It would be several years into his new life in England that a middle-aged De Moivre would take a real abiding interest in Jacob Bernoulli’s work on the Law of Large Numbers. To see what his interest led to, let’s visit Bernoulli’s theorem and the thought experiment that lead Bernoulli to its discovery.

In *Ars Conjectandi*, Bernoulli had imagined a large urn containing r black tickets and s white tickets. Both r and s are unknown to you and so is the true fraction p = r/(r+s) of black tickets in the urn. Now suppose you draw n tickets from the urn randomly with replacement and your random sample contains **X**_bar_n black tickets. Here, **X**_bar_n is the sum of n i.i.d. random variables. Thus, **X**_bar_n/n is the ratio of black tickets that you observe. In essence**, X**_bar_n/n is your estimate of the true value of p.

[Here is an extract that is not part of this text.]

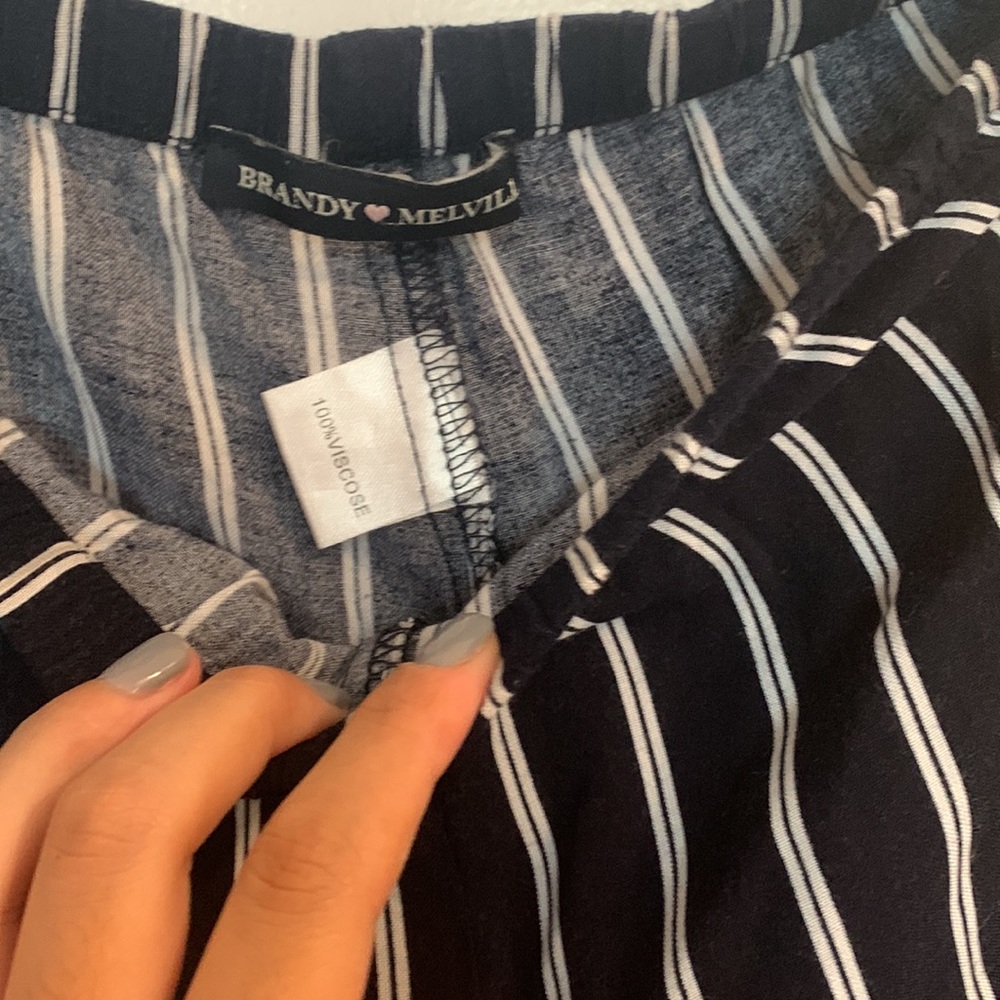 BRANDY MELVIILLE FRANKIE PANTS - Picture 3 of 4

The number of black tickets **X**_bar_n found in a random sample of black and white tickets has the familiar binomial distribution. That is:

**X**_bar_n ~ Binomial(n, p)

Where n is the sample size, and p=r/(r+s) is the true probability of a single ticket being a black ticket. Of course, p is unknown to you since in Bernoulli’s experiment, the number of black tickets (r) and white tickets (s) are unknown to you.

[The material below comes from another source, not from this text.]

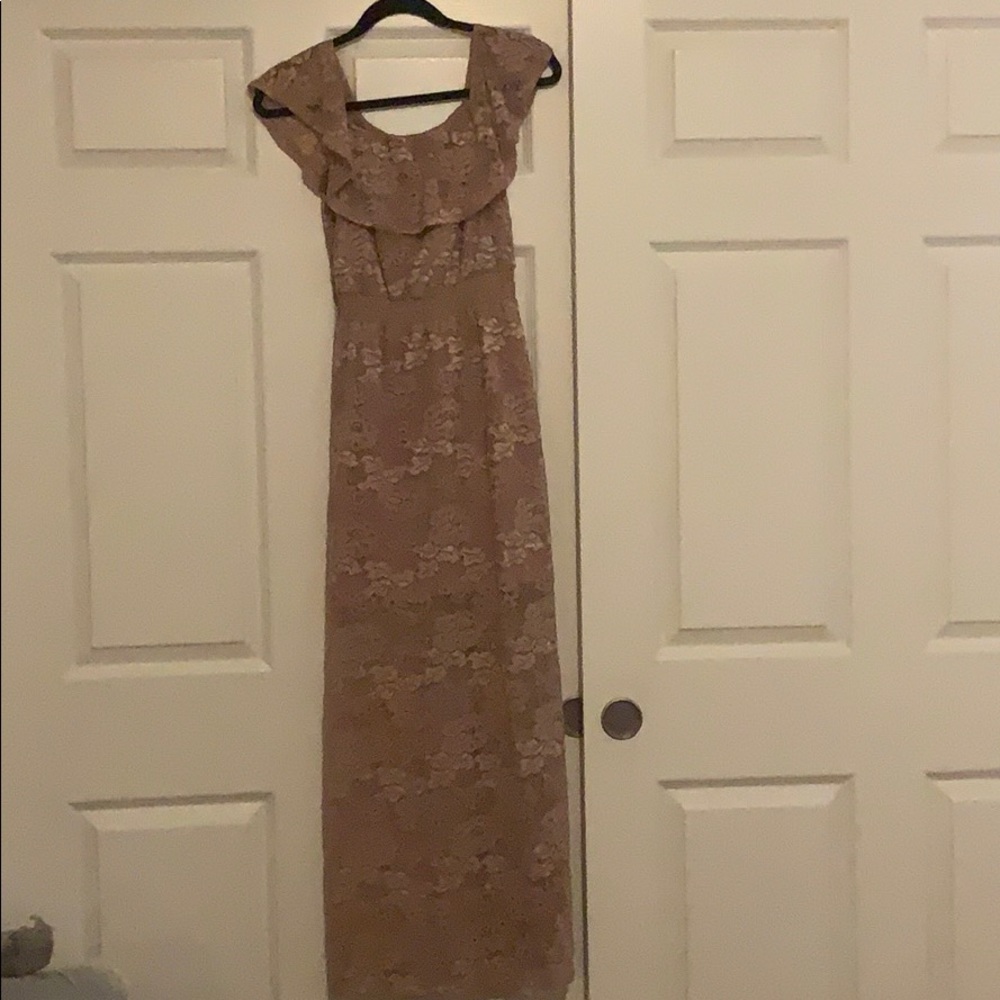 Dusty pink lace dress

Since **X**_bar_n is binomially distributed, its expected value E(**X**_bar_n) = np and its Var(**X**_bar_n) = np(1 — p). Again, since p is unknown, both the mean and variance of **X**_bar_n are also unknown.

Also unknown to you is the absolute difference between your estimate of p and the true value of p. This estimate is the error |**X**_bar_n/n — p|.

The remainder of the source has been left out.